第112話 帰れると思った?

 結崎と石見先輩と別れた後の俺は、長宮さんとともに高校前駅の改札を現在抜けたところである。

 なおこの後俺と長宮さんは行き先。乗る方向が違うので、別れることになるのだが――と俺が思いつつ歩いていると。長宮さんが話しかけてきたのだった。


「いやー、面白くなってきたねー。ってか、澪は遊んでるのかメッセージ全然見てないみたいで、まだ反応なしだし。せっかく面白くなってきているのに」

「こっちはなんかいろいろ疲れましたよ――って。長宮さんなんか勝手にいろいろと拡散しない」

「もう完了済み!イエイ」


 こちらを見つつ良い笑顔。さらにブイサインをする長宮さんだった。手にお持ちのスマホ。それ破壊して言い?あっ。時すでに遅しだから意味ないか。
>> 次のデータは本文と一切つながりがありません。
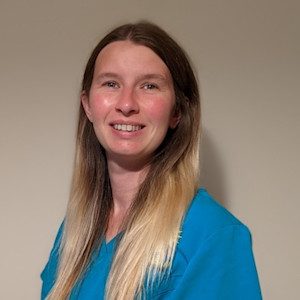 A headshot of a woman with blonde brown hair in blue scrubs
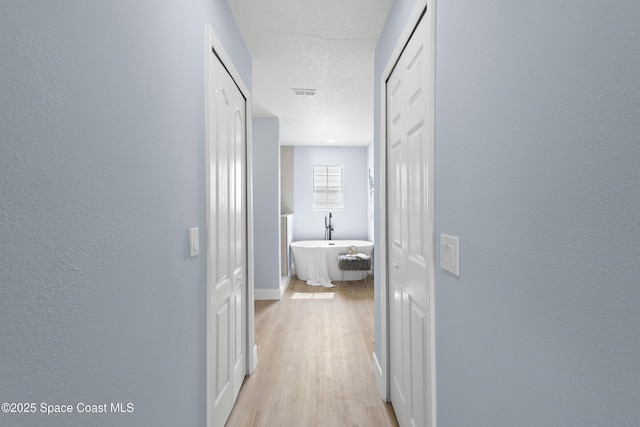 hall featuring light hardwood / wood-style flooring and a textured ceiling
「イエイじゃなくて――まあでも、広げてそうなのはわかってたけど。って、手遅れだからそれはいいとして。何というか。まだまだ大変なことがありそうな気がする――平和な夏休みどこ行った……」

「平和じゃ面白くないじゃん!よかったじゃん。楽しそうな未来で。ってことで、明日も私来て良いよね?」

「……はい?」


 何を言いだすの?と俺が思いつつ返事をしながら再度長宮さんの方を見ると。


「まだまだ面白そうだからね。それにゆえも来るでしょ?先輩と一緒に帰ったんだから。だから明日もお邪魔しようかとね」

「お邪魔しようってどこに――ってそうか。図書室か」

「うんうん」


 いろいろあってちょっと図書館の事を忘れてたわ。


「まあ、石見先輩は来るだろうけど――結崎はどうだろうか?一緒に帰ったからといって一緒に来るとは――」

「でも、ゆえが来なくても私は行くよ?だって、そもそも私は六石ろっこくに服の弁償してもらわないとだし。あと松尾君に体操服返さないとだからね」

「あっ、確かに体操服は返してもらわないとだわ」


 俺はそう言いながら長宮さんの服を見た。そうだよ。今俺の体操服は長宮さん着てたんだよな。だから行きより荷物が減った俺。いろいろありすぎるからちょっとホントいろいろなことを忘れていたよ。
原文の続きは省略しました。